It’s always the intelligent people
who are left wing.
--Alan
Bennett
I object to being labeled right wing.
--Chris
Date
In DATA MODELING, LEFT AND RIGHT Phillip Engle focuses
on what may well be the issue in data management: the capturing of meaning
in modeled reality into computerized systems. He frames it in terms of two
modeling approaches:
Left-wing: “Data modeling as it is practiced by AI experts, KM
experts, object-oriented data analysts, and “semantic web” ontology advocates
involves the specification of deeply layered type hierarchies, including
multiple inheritance for entities and (often) multiple values per-attribute
per-entity … [the concern is] to capture logical rules (business rules) that
are semantically dependent on the particular subject-area being studied, in
addition to the logical/business rules that are independent of subject-matter.”
Right-wing: “… relational data modelers and other devotees of
sorted, two-valued, first-order predicate logic hate hierarchies …”
Frankly, we find the application of the two labels to the
subject matter at hand rather absurd, but will ignore that.
Let me, first, point out that the notion that relational
proponents “hate hierarchies” is rather silly. Engle does not seem to
differentiate between type hierarchies and the hierarchic data model,
which are distinct.
·
With respect to the latter, where the real world is inherently
hierarchic—e.g. organizational structures, or bill-of-material part
assemblies—the information about those structures should, of course, be
captured by modeling. The question is what is the best representation of
hierarchic data for the purpose of least complex, most flexible computerized
inferences. As we stated elsewhere (see MultiValue Lacks Value
and What First Normal
Form Really Means,
What First Normal Form Means Not), proponents of
hierarchic modeling focus on structure and mostly ignore its
purpose—manipulation (and integrity).
·
The former are orthogonal to the data model
Note: Chris Date points out that, interestingly,
bill-of-materials part assemblies are very difficult to represent in
IMS- or XML-style hierarchies because (a) they have a recursive structure (b)

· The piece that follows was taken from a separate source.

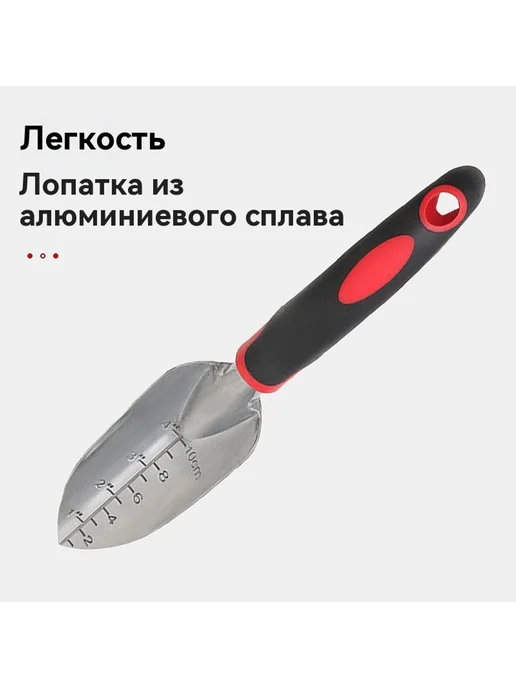 Лопата Тройная вилка, вариант, фото 3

they’re usually M:N (networks) anyway, not 1:N (true hierarchies). He likes
type hierarchies, but objects to force-fitting data into IMS- or XML-style
structures.
The fact is that hierarchic information can be represented
relationally, which is significantly more advantageous from the perspective of
data manipulation and integrity (see chapter 7 in PRACTICAL ISSUES
IN DATABASE MANAGEMENT). Moreover, where the world is not
inherently hierarchic—a majority of cases we would argue—imposing hierarchy
makes no sense, yet a hierarchic approach does just that.
Engle claims that given the R-table
EMPLOYEES
{EMPLOYEEID,NAME,ADDRESS,SALARY}
Date and Darwen would say that this relation is a predicate
(i.e., a truth-valued function), which might be expressed as follows:
An
EMPLOYEE has a unique EmployeeID, is called by a certain Name, lives
at a certain Address, and makes a certain yearly Salary.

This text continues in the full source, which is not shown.